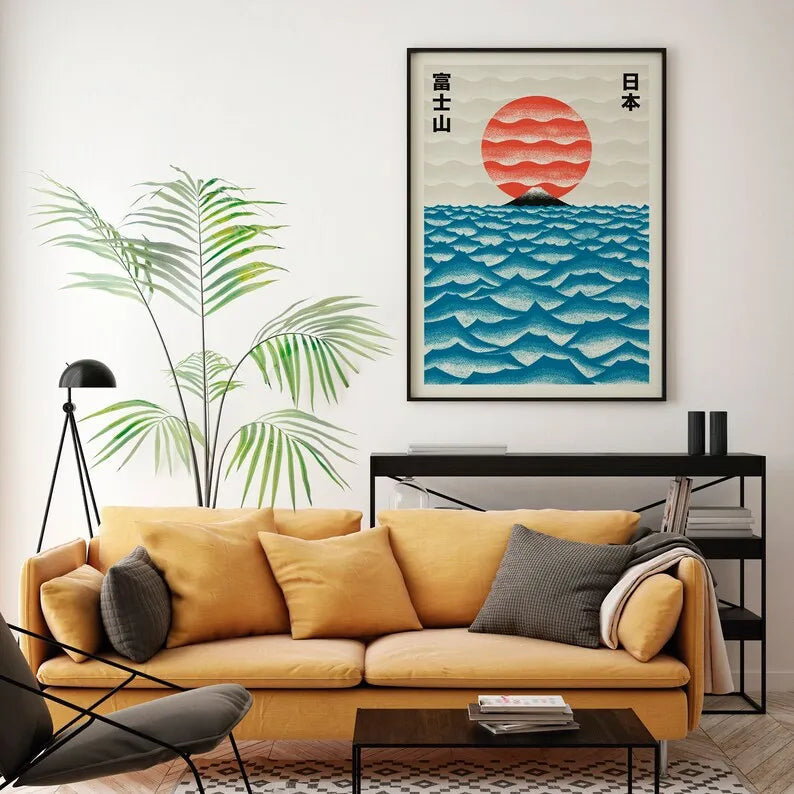 Japanese Contemporary Tokyo Artworks Poster Big Sunrise Waves Mount Fuji Monster Canvas Painting Wall Art Living Room Home Decor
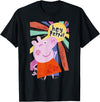 Peppa Pig Hey Peppa Colorful Sunshine Striking Pose Portrait T-Shirt - Black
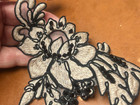 Applique Embroidered Beads Soutache 4x5  Flowers Beige Black 1pc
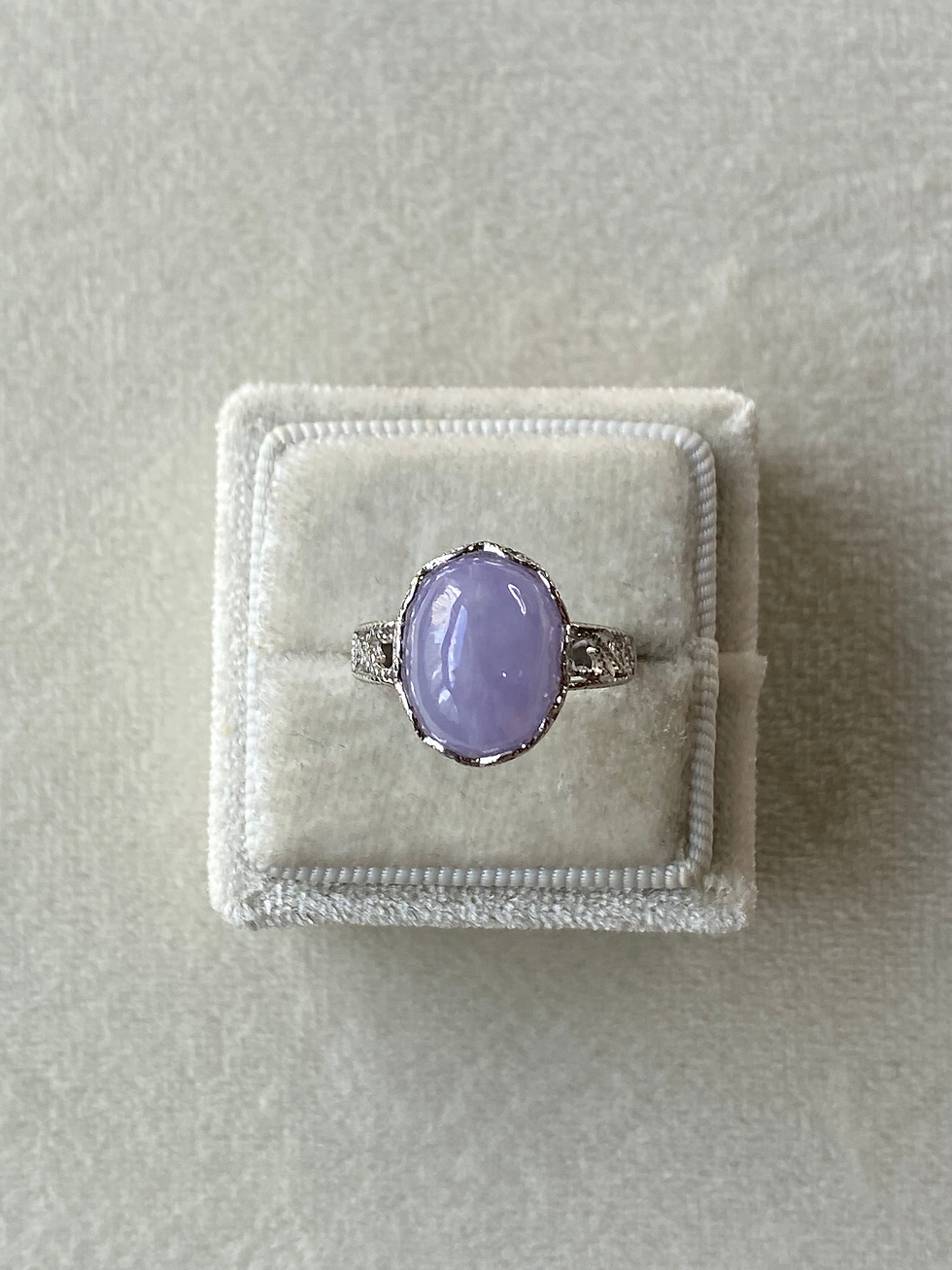 925 Silver Type A Strong Lavender Jadeite Ring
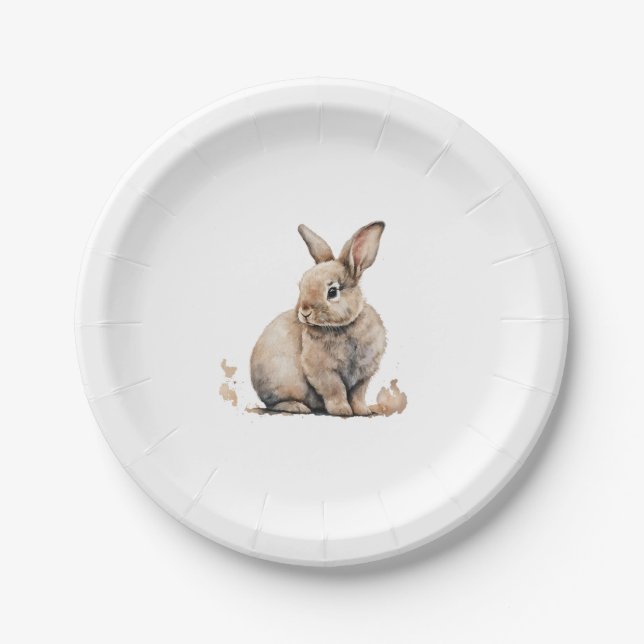 Plato De Papel Conejo de Pascua (Anverso)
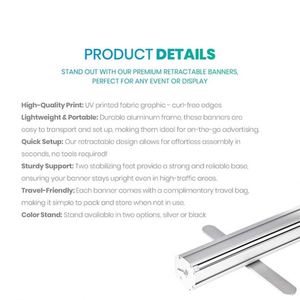 Lot de 3 bannières rétractables pour anniversaire, présentoirs enrouleurs, décorations de Quinceañera, panneaux de bienvenue pour anniversaire - Product Image 3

########

● **Task to complete**
Where pictures appear, omit them, and transcribe exactly, with nothing else, the lines from the line with "Plato De Papel Conejo de Pascua (Anverso)" through the final line of the records above, both ends included.

● **Answer to the problem**
 Plato De Papel Conejo de Pascua (Anverso)
 Lot de 3 bannières rétractables pour anniversaire, présentoirs enrouleurs, décorations de Quinceañera, panneaux de bienvenue pour anniversaire - Product Image 3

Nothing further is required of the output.